[Opening Entries supplied section]

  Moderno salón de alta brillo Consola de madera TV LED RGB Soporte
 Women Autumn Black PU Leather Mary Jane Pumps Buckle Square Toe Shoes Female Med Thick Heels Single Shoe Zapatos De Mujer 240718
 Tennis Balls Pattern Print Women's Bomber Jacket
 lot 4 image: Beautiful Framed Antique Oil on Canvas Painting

[Closing Entries supplied section]
[Opening Entries supplied section]

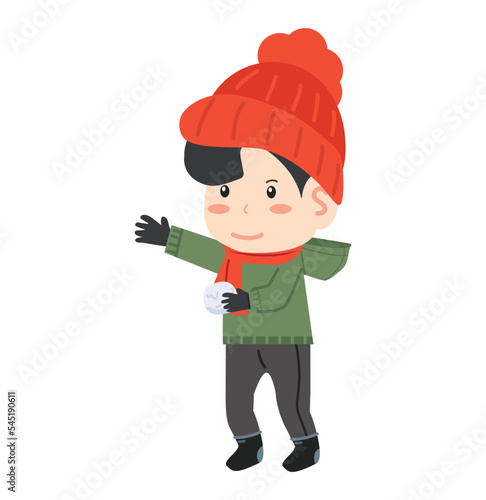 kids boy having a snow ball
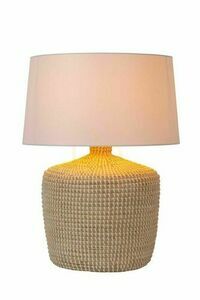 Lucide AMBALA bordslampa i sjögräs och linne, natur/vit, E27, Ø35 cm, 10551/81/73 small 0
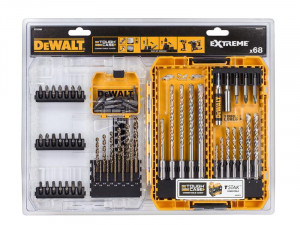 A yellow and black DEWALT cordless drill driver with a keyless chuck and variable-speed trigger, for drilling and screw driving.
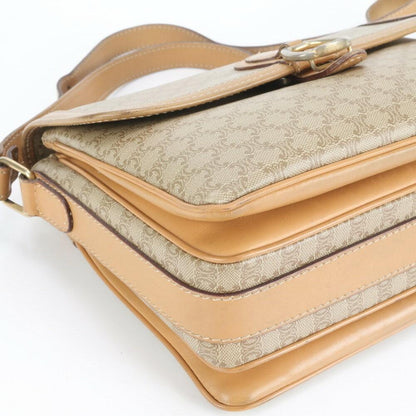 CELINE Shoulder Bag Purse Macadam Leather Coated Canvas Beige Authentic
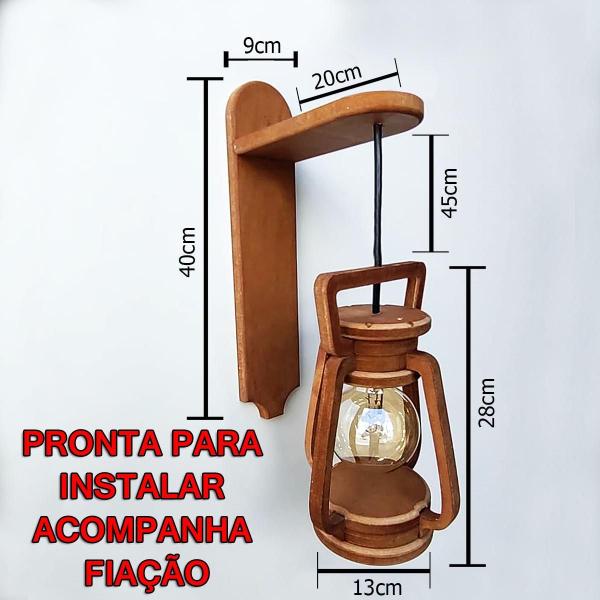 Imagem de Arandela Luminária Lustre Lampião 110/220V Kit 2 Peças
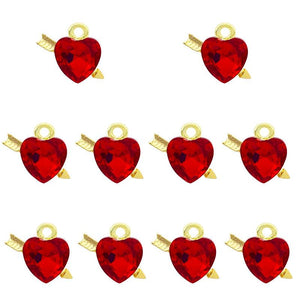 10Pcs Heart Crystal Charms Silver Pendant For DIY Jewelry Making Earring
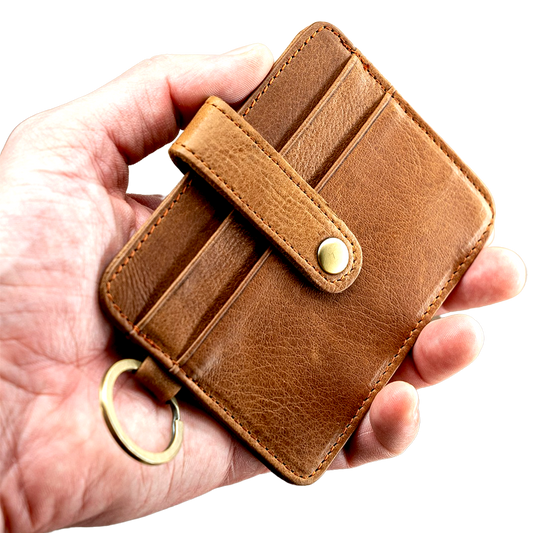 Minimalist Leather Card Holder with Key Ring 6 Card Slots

[Closing Entries supplied section]

Task prompt: What lines in the entries above hold "Women"? Copy every one.

Expected answer:
 Women Autumn Black PU Leather Mary Jane Pumps Buckle Square Toe Shoes Female Med Thick Heels Single Shoe Zapatos De Mujer 240718
 Tennis Balls Pattern Print Women's Bomber Jacket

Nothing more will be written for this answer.